Similarly, regarding the application of Artificial Intelligence and other data-driven methods into the clinic, and the role of NMIs in the future, Professor Bouchard said: “Data science has opened the way for interpreting data without the need to link it to physical processes. For that reason, associated risks should be carefully evaluated before clinical use. NMIs are still there to relate everything we do to physical quantities and phenomena that are known and understood, thereby ensuring that research applications remain grounded in physical reality.”
This reinforces the critical role NMIs play; not just in calibration and standards, but in ensuring that emerging technologies remain grounded in rigorous, traceable science. NPL is already advancing this work through its MRI metrology research and its efforts in Data Science and AI, aiming to build trust in data-driven technologies and support their safe adoption in healthcare and beyond.
Hugo’s experience across both NMIs gave him a nuanced sense of how their day-to-day work has evolved in different directions. His reflections resonated with what I’ve observed during my time here: many of the differences between NPL and NRC seem to stem more from geography and history than from any fundamental difference in outlook. In the UK, NPL can quite literally drive to every cancer centre, which has made close, practical collaboration a natural part of its role. In Canada, where clinical sites are spread over vast distances, NRC’s strengths have grown in areas that scale nationally and internationally; including major computational contributions such as EGSnrc, which underpins Monte Carlo work around the world, and remote support. My NRC host, Malcolm McEwen, has recently taken on the presidency of COMP, highlighting just how strongly NRC remains connected with, and actively engaged in, its medical physics community. Over my secondment I’ve seen how these perspectives complement each other: NPL working closely with collaborators on specific experimental challenges, and NRC advancing tools and methods that support the whole field. Neither approach is inherently more clinical or more research‑focused; they simply reflect the contexts in which each NMI operates.

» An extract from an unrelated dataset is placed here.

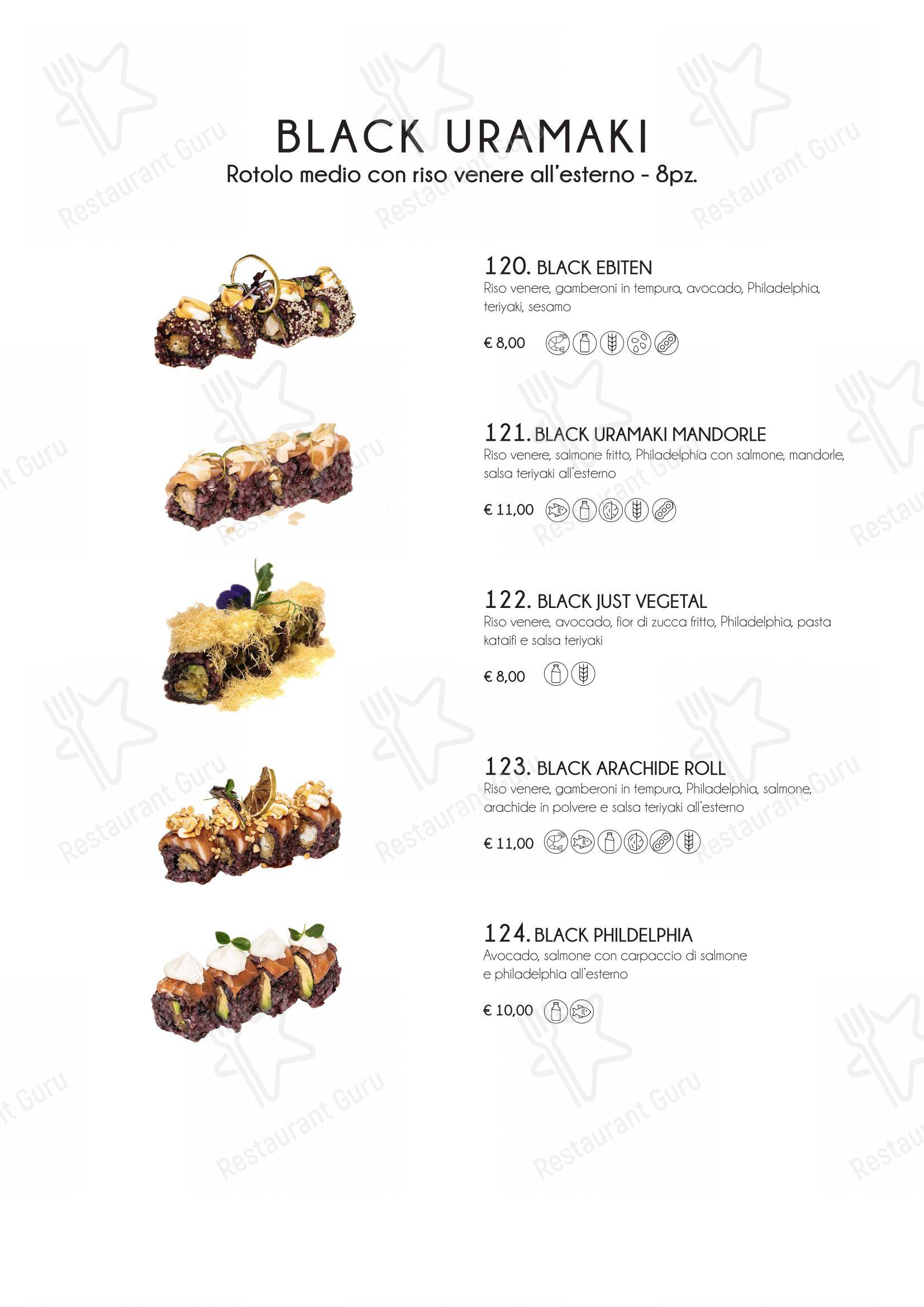 Yama Sushi Experience in Genova - 菜单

Similarly, the way Codes of Practice are implemented reflects these differences. In Canada, TG-51 emphasises teaching medical physicists how to determine dosimetry from first principles, fostering flexibility and deeper understanding. In the UK, the approach is more prescriptive, specifying measurement conditions to enhance standardisation, sometimes at the cost of flexibility. From my time at NRC, I think this is why the two NMIs complement each other so well. Neither approach is fundamentally better. Seeing both perspectives has been fascinating.
As I wrap up my time in Canada, I’m struck by how much NMIs influence and are influenced by healthcare; not just through calibration and standards, but through collaboration and innovation.